Anyway, my Uncle Mike took this picture for me and I got to sleep until 11a.m. I woke up just in time to see Johnny Weir as the snow princess of the Thanksgiving Day Parade. It was glorious.
A few hours later it was time to feast. My Aunt Cathy made this Butternut Squash Soup with Sage (minus the parmesan croutons) to start and it was fabulous. If you’ve never made butternut squash soup before, try this recipe. The sage makes it just “fancy” enough for entertaining purposes, but it’s easy enough to prepare that you can make it in batches in an old blender becaues you forgot your immersion blender in Brooklyn, for example.
Creamy soup + Harpoon Grateful Harvest (brewed with cranberries!)
Dinner was a palate of buttery, salty and sweet things, mostly sourced from Whole Foods Market (in my opinion, the Cornbread Stuffing with Country Sausage and Spinach is one of the best items on the holiday menu). My favorite part is always the vegetables baked along with the turkey. The most flavorful carrots and celery, yum!

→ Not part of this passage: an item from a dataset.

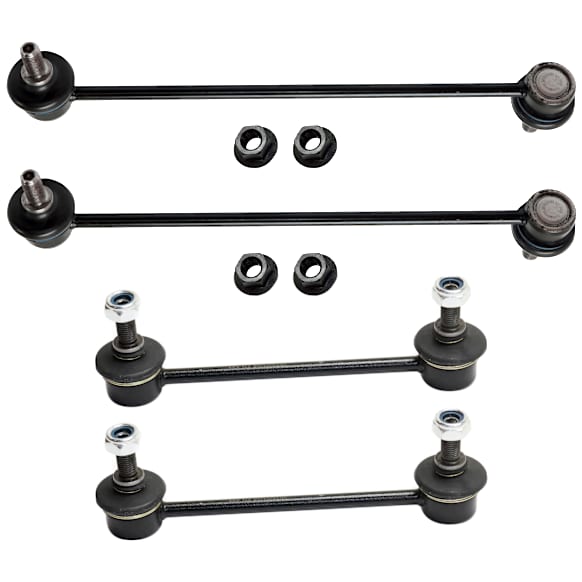 Front and Rear, Driver and Passenger Side Sway Bar Link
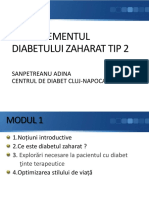 Capitolul 1 -Managementul diabetului zaharat tip 2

The next day I went to work and returned to my aunt’s house to find a plethora of food being escorted out of the kitchen. The definition of perfect timing.
My Aunt Barbara was in charge of bringing what my family calls Snickety Snacks (a.k.a snacks) and she always does a stellar job. Capers, eggplant dip, feta dip, roasted red pepper dip. Nuts. Caramel. We don’t mess around.
Olives and crackers for dipping into the dips.
The icing on the Snickety cake? A mountain of cheese glory inspired by something my Aunt B discovered at an unnamed grocery store (a.k.a not Whole Foods). If you want to eat something delicious, you’ll need:
A wheel of blue brie and mascarpone for the center. Cover the brie in mascarpone (yes, cover cheese with cheese. Totally genius).
Chopped dried apples and pecans, dried cranberries and caramel sauce. Smother the cheese in this sweet mixture.
Dig in. Take a nap. Watch “Elf.” Eat more pie.
This year I’m thankful for my always-supportive family, my boyfriend, my awesome job, my knees, coconut water and lululemon.